- _PROVIDED MATERIAL_:
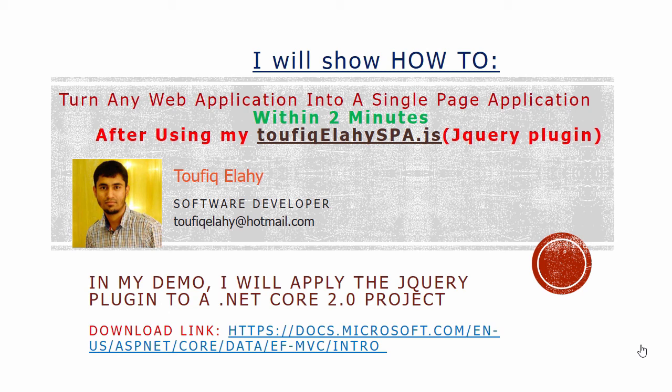Hi, I am Taufik, a software developer. Today I will show you how to turn any web application into a single page application within 2 minutes after using my jQuery plugin.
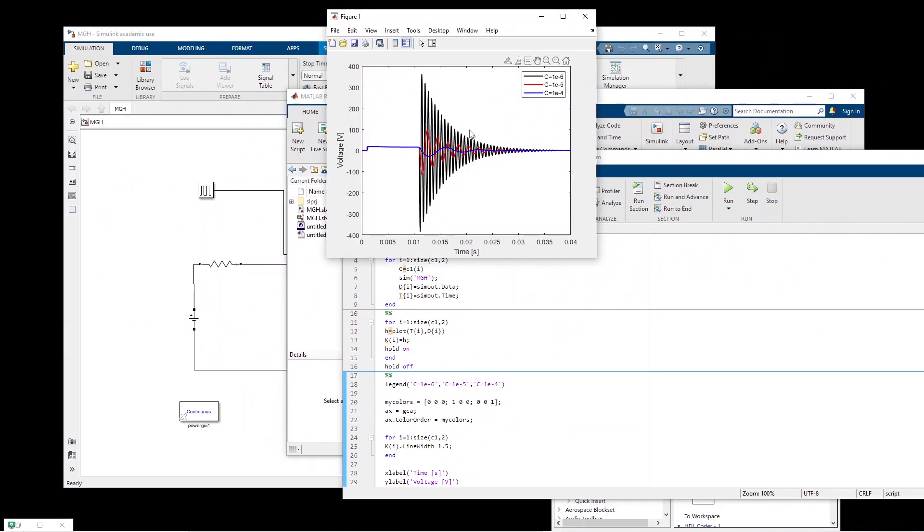Run this one. And basically this is for one microfarad, 10 microfarad, and 100 microfarad. All right, so that's how you can run a Simulink model multiple times programmatically. See you next time. Bye.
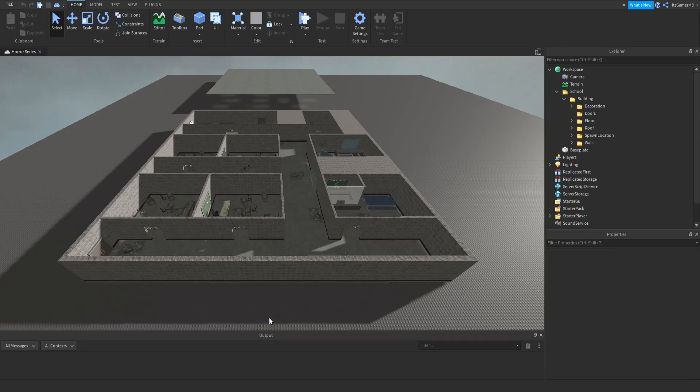Hey guys, I'm Gamer Mate and welcome back to a new video. Today I'm here back inside Roblox Studio and in today's video I'm going to show you how to create a Varian Horror Game. This is going to be part one of how to make a Varian Horror Game series.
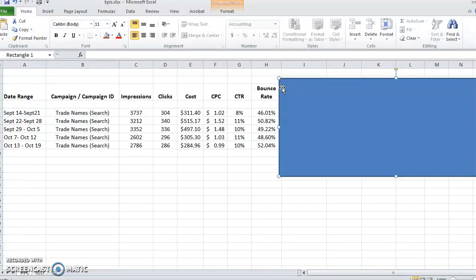I certainly wouldn't want to see above 60 or 70% for a bounce rate. 50% all the way down to 30% would be a really good range.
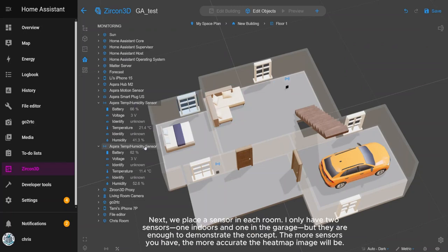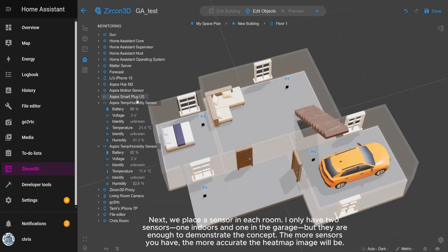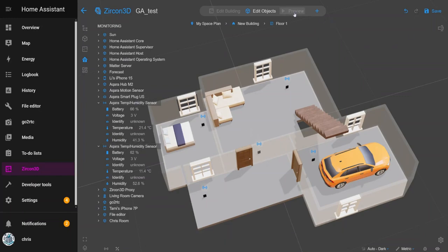Next, we place a sensor in each room. I only have two sensors, one indoors and one in the garage, but they are enough to demonstrate the concept. The more sensors you have, the more accurate the heatmap image will be.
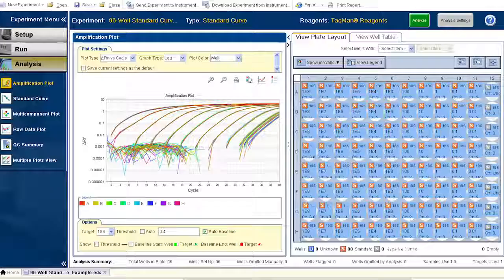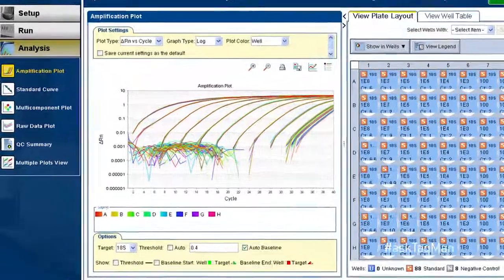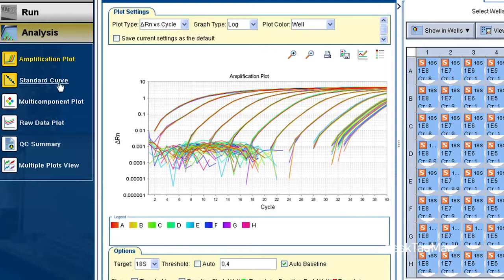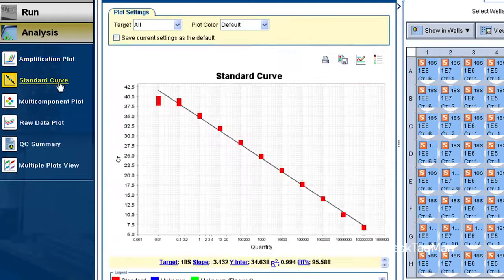Happily, with all newer AB instrument software, the efficiency calculation is already done for you. Just go to Results, Standard Curve, and there it is.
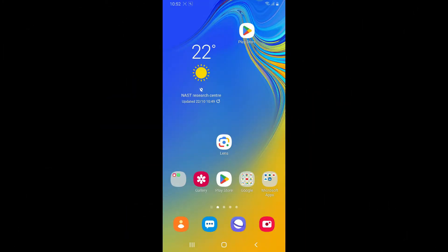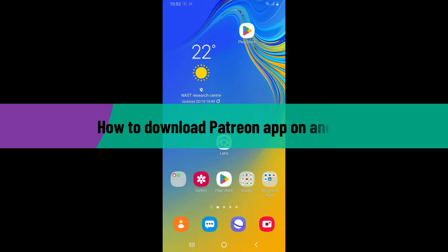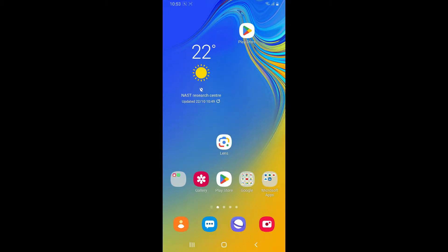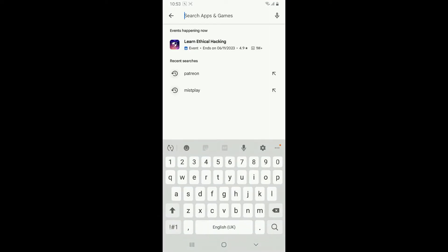Hello everyone, welcome back to WebTech Tutorial. In today's video, I'm going to show you how to download the Patreon application on your Android device. First, make sure that your Android device is connected to a stable internet. Once it is, launch and open your Play Store, then go into the search box at the top.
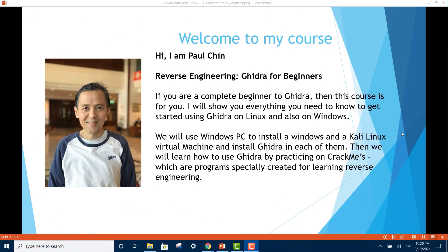Hello and welcome to my course. My name is Paul Chen and I'm your instructor. This course is called Reverse Engineering Ghidra for Beginners. If you are a complete beginner to Ghidra, then this course is for you. I will show you everything you need to know to get started using Ghidra on Linux and also on Windows.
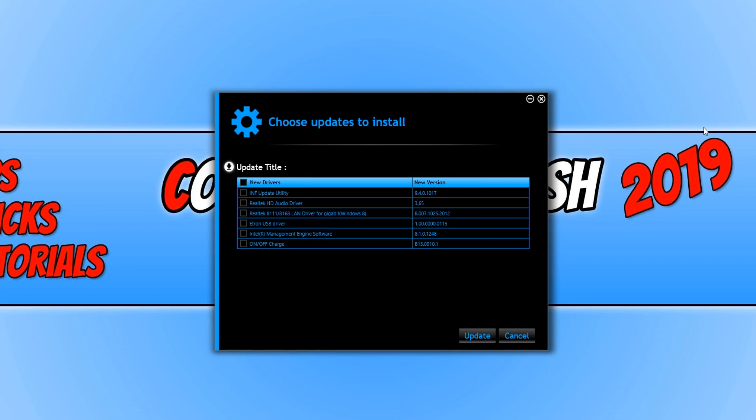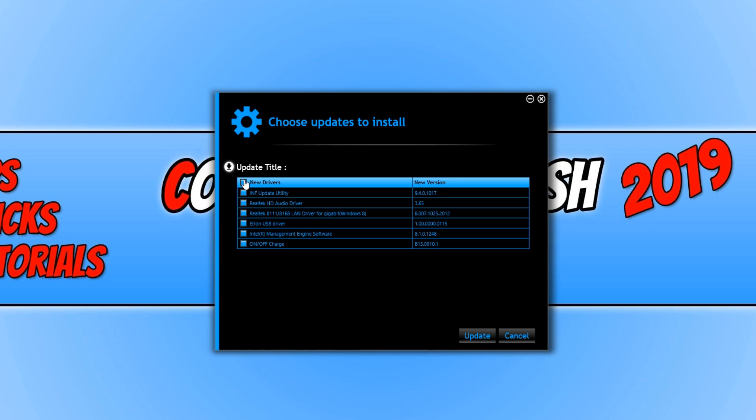Once it has finished searching for the latest updates, you will have a list of all the latest updates you can install to your machine. As you can see, there are a few motherboard updates for my computer. You can simply select which ones you want to install, or you can select all by clicking on this top checkbox and then press update.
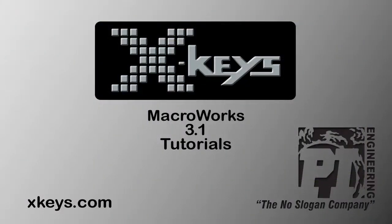Thanks for watching this tutorial. Please watch our other tutorials at xkeys.com. We'll see you later.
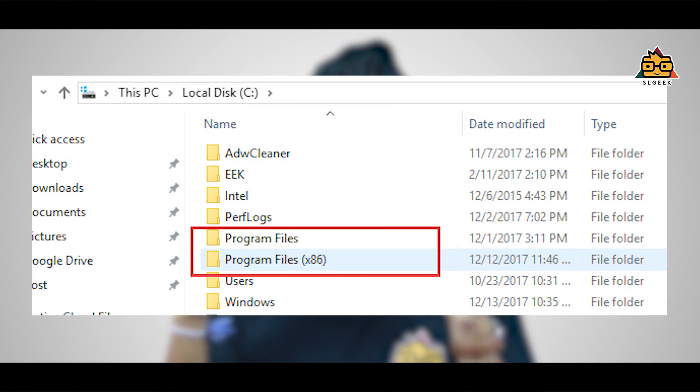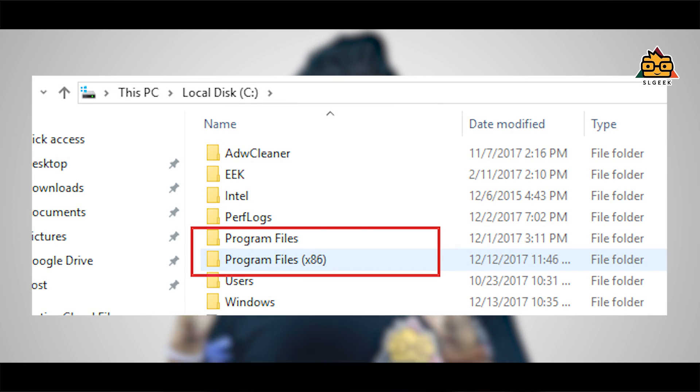Let's see the program files folder. This is the x86 file. This is the program files folder. This is the 64-bit program file. The software is installed in both 32-bit and 64-bit program folders.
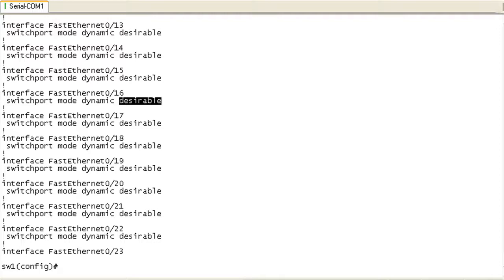Okay, so let's say that we've been tasked with setting up interfaces F0/2 through 13 with a host port configuration on VLAN 666, the VLAN of the beast.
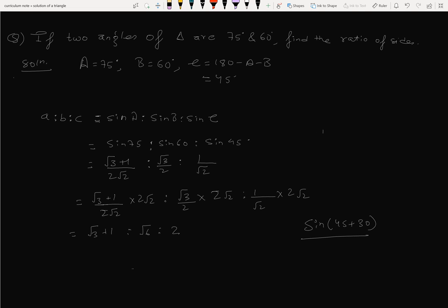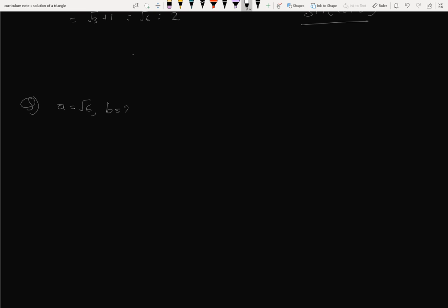Therefore the answer is: a equals √6, b equals 2, c equals √3 minus 1. Now solve the triangle.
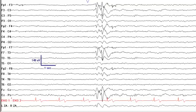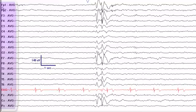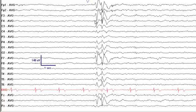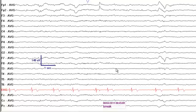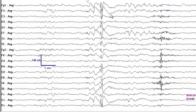Let's change to a different montage — an average reference montage, which compares the left to the right side. Each subsequent electrode alternates between the left and right hemisphere. You see the highest amplitudes of these sharp waves at Fp1 and F3, with the field extending to F7.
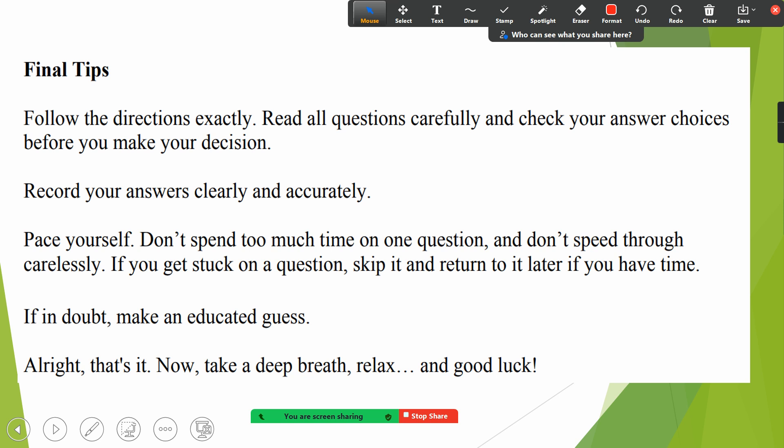These are the final tips for solving the paper. Follow the directions exactly. Read all questions carefully and check your answer choices before you make your decision. Read the question again if you don't understand it — eventually you'll understand it. Record your answers clearly and accurately on the answer sheet. Pace yourself — don't speed too much and don't spend too much time on one question, because each question most of the time holds the same marks.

- _TASK GOAL_: Exactly reproduce the entries above, minus the pictures.

- _WRITTEN SOLUTION_:
Hi, I am Taufik, a software developer. Today I will show you how to turn any web application into a single page application within 2 minutes after using my jQuery plugin.
Run this one. And basically this is for one microfarad, 10 microfarad, and 100 microfarad. All right, so that's how you can run a Simulink model multiple times programmatically. See you next time. Bye.
Hey guys, I'm Gamer Mate and welcome back to a new video. Today I'm here back inside Roblox Studio and in today's video I'm going to show you how to create a Varian Horror Game. This is going to be part one of how to make a Varian Horror Game series.
I certainly wouldn't want to see above 60 or 70% for a bounce rate. 50% all the way down to 30% would be a really good range.
Next, we place a sensor in each room. I only have two sensors, one indoors and one in the garage, but they are enough to demonstrate the concept. The more sensors you have, the more accurate the heatmap image will be.
Happily, with all newer AB instrument software, the efficiency calculation is already done for you. Just go to Results, Standard Curve, and there it is.
Hello everyone, welcome back to WebTech Tutorial. In today's video, I'm going to show you how to download the Patreon application on your Android device. First, make sure that your Android device is connected to a stable internet. Once it is, launch and open your Play Store, then go into the search box at the top.
Hello and welcome to my course. My name is Paul Chen and I'm your instructor. This course is called Reverse Engineering Ghidra for Beginners. If you are a complete beginner to Ghidra, then this course is for you. I will show you everything you need to know to get started using Ghidra on Linux and also on Windows.
Once it has finished searching for the latest updates, you will have a list of all the latest updates you can install to your machine. As you can see, there are a few motherboard updates for my computer. You can simply select which ones you want to install, or you can select all by clicking on this top checkbox and then press update.
Thanks for watching this tutorial. Please watch our other tutorials at xkeys.com. We'll see you later.
Let's see the program files folder. This is the x86 file. This is the program files folder. This is the 64-bit program file. The software is installed in both 32-bit and 64-bit program folders.
Okay, so let's say that we've been tasked with setting up interfaces F0/2 through 13 with a host port configuration on VLAN 666, the VLAN of the beast.
Therefore the answer is: a equals √6, b equals 2, c equals √3 minus 1. Now solve the triangle.
Let's change to a different montage — an average reference montage, which compares the left to the right side. Each subsequent electrode alternates between the left and right hemisphere. You see the highest amplitudes of these sharp waves at Fp1 and F3, with the field extending to F7.
These are the final tips for solving the paper. Follow the directions exactly. Read all questions carefully and check your answer choices before you make your decision. Read the question again if you don't understand it — eventually you'll understand it. Record your answers clearly and accurately on the answer sheet. Pace yourself — don't speed too much and don't spend too much time on one question, because each question most of the time holds the same marks.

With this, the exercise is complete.